Tuesday, September 1, 2015

Gluten Free Banana-Pumpkin Muffins

YUMMY!   That's what these are!

Enough said...let's get to the recipe so you can try some too!

Idea for this recipe is from, Green Plate Rule. Click on link for original recipe, Pumpkin Banana Chocolate Chip Muffins {Gluten-free}

I just changed one or two things to better meet my needs. Probably will try substituting all eggs in the future due to my sensitivity.

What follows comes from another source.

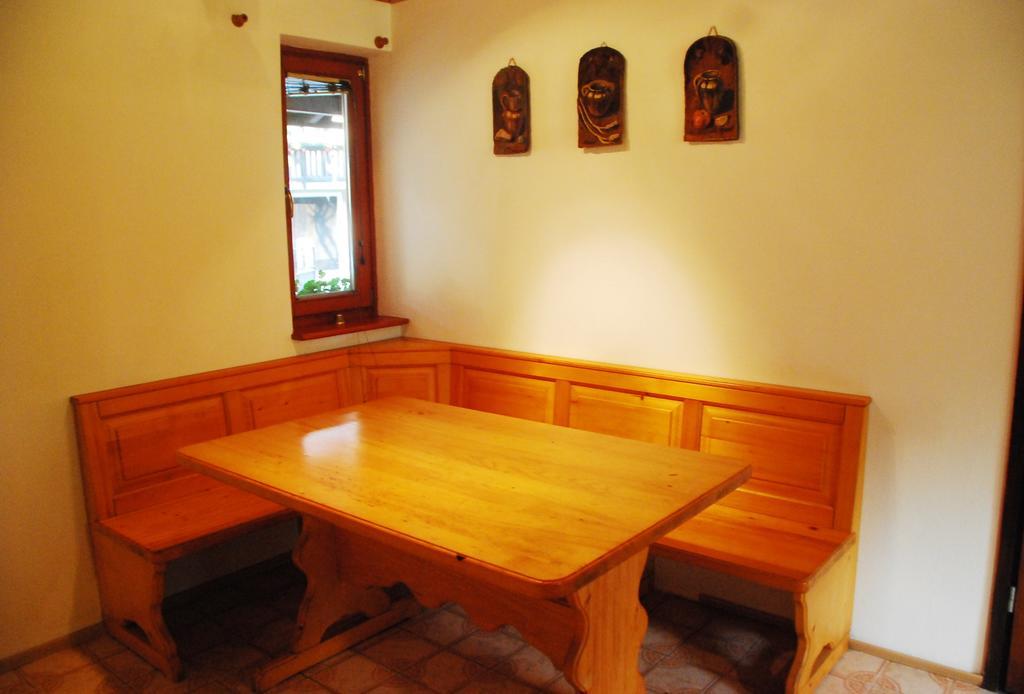 Budget Homestay Kobarid Rum bild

This is a delicious recipe, but we like them a best with raisins instead of chocolate chips.

If you count weight watcher points, each muffin has 4 points.

Gluten Free Banana-Pumpkin Muffins                   Makes 17-18 Muffins
2 ripe bananas, mashed
1 1/2 cup pumpkin
2 eggs
1 flax egg - (1 Tbsp ground flax seed mixed with 3 Tbsp water, let sit to gel)
1/4 cup unsweetened apple sauce
1/2 cup maple syrup or agave syrup
2 Tbsp coconut oil, melted  - any oil will work
1 tsp vanilla
1 cup gluten free oat flour
1/2 cup sorghum flour
1/2 cup potato starch
1 Tbsp xanthan gum
1 tsp pumpkin pie spice
1/2 tsp cinnamon
1 1/2 tsp baking powder
1 tsp baking soda
1/2 tsp salt
1/3 cup semi-sweet mini chocolate chips, I used allergy friendly chips
1/2 cup raisins

Preheat oven to 350.   Prepare muffins tins with a non-stick spray, or use silicone muffins pans.
Combine dry ingredients (except for chips and raisins) in a medium bowl. Mix well.
Combine first 8 ingredients in a large bowl. Mix well.
Add dry ingredients to wet ingredients, stir to combine. Fold in chocolate chips and/or raisins.
Bake for 25-28 minutes. Let sit a few minutes before removing from pans.

Store leftovers in freezer or refrigerate to keep fresh for several days.

Muffins shown here using a silicone muffin pan.

Let cool on a wire rack, or wrap in a clean dish towel to keep warm until serving.